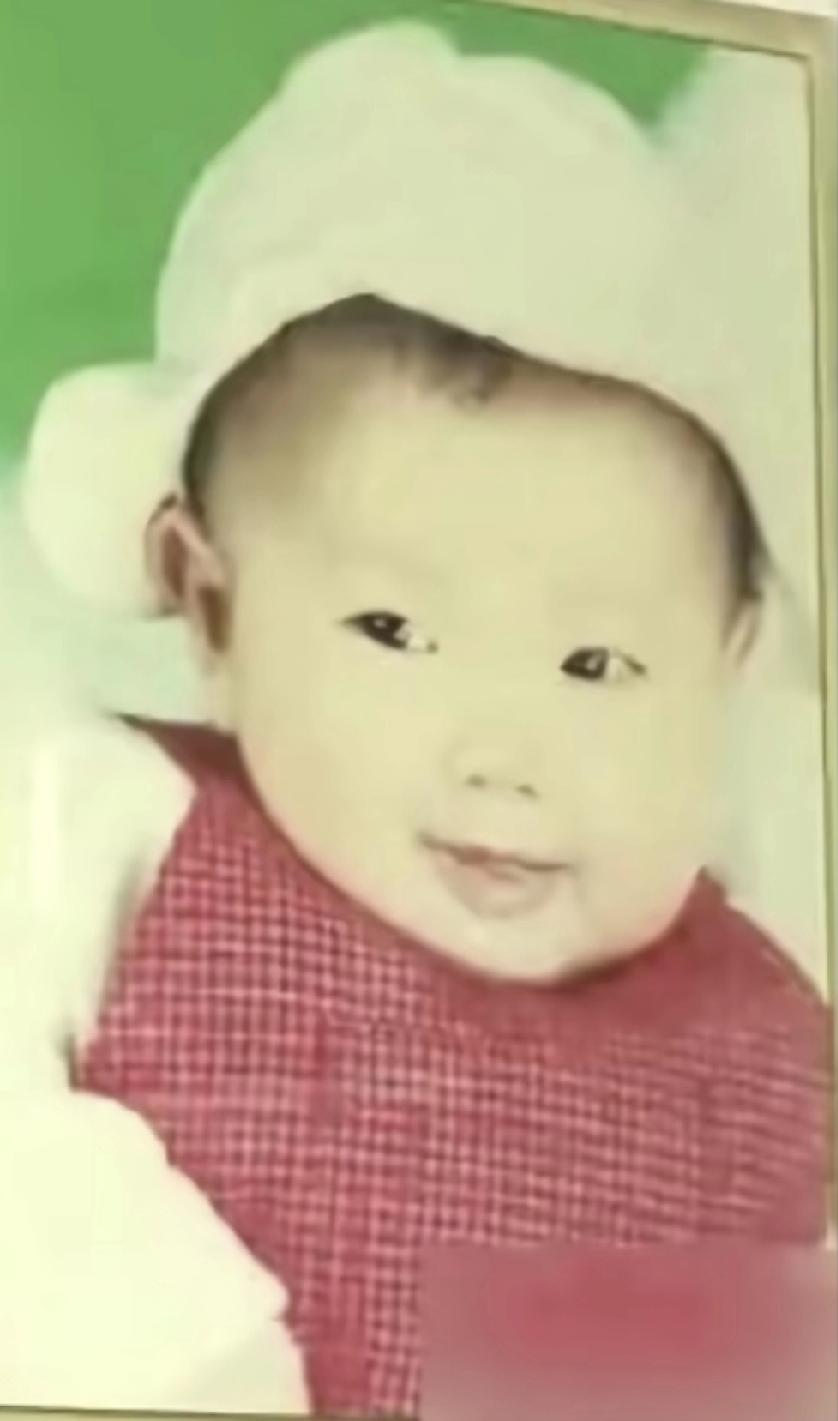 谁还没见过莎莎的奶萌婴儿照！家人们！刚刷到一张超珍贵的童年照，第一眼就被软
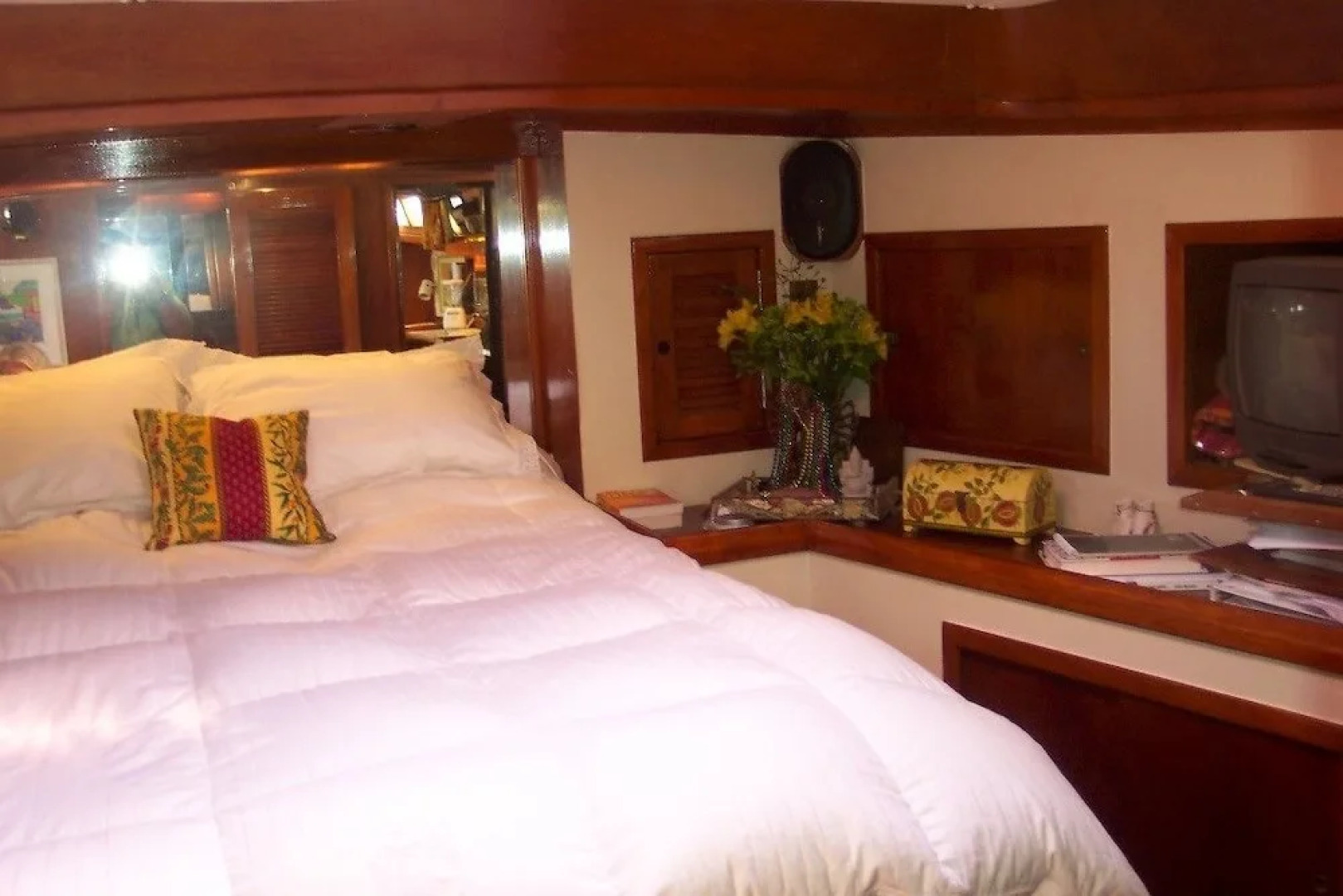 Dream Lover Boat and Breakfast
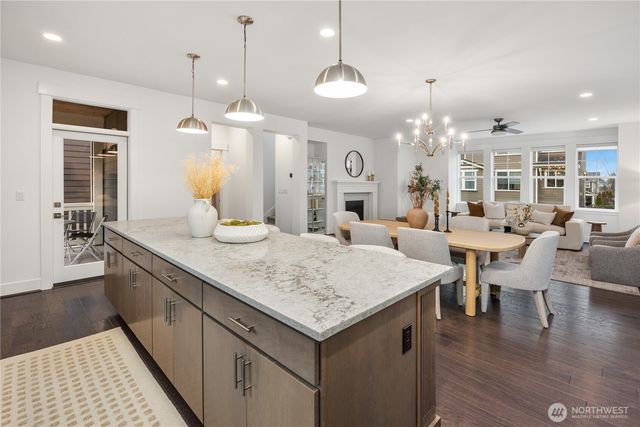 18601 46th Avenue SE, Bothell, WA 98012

:::

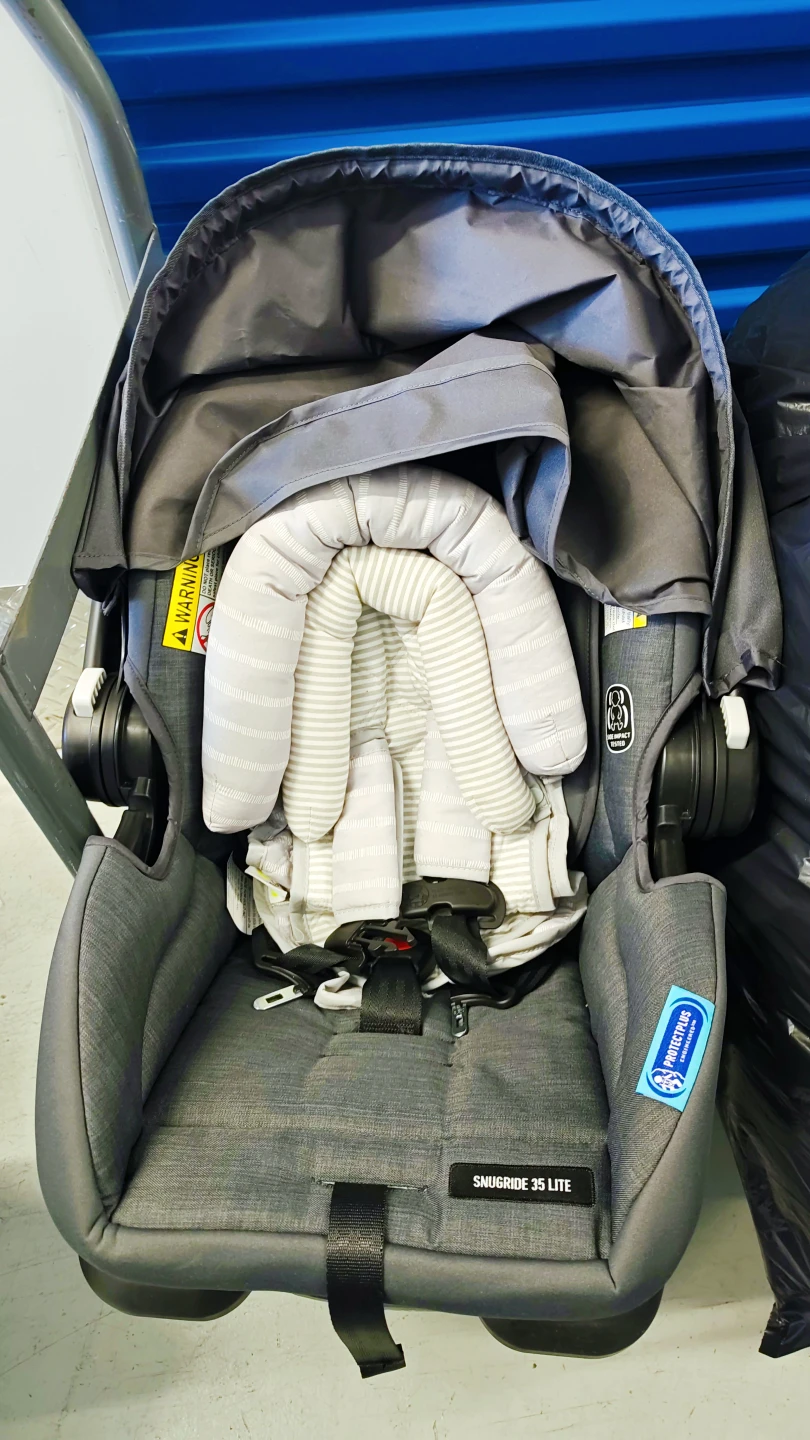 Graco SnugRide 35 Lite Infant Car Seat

:::

▶ **About this task**
What are the lines in the records above, word for word, from the one containing "谁还没见过莎莎的奶萌婴儿照！家人们！刚刷到一张超珍贵的童年照，第一眼就被软" through the one containing "18601 46th Avenue SE, Bothell, WA 98012", both ends included and pictures left out?

▶ **Finished exercise**
 谁还没见过莎莎的奶萌婴儿照！家人们！刚刷到一张超珍贵的童年照，第一眼就被软
 Dream Lover Boat and Breakfast
 18601 46th Avenue SE, Bothell, WA 98012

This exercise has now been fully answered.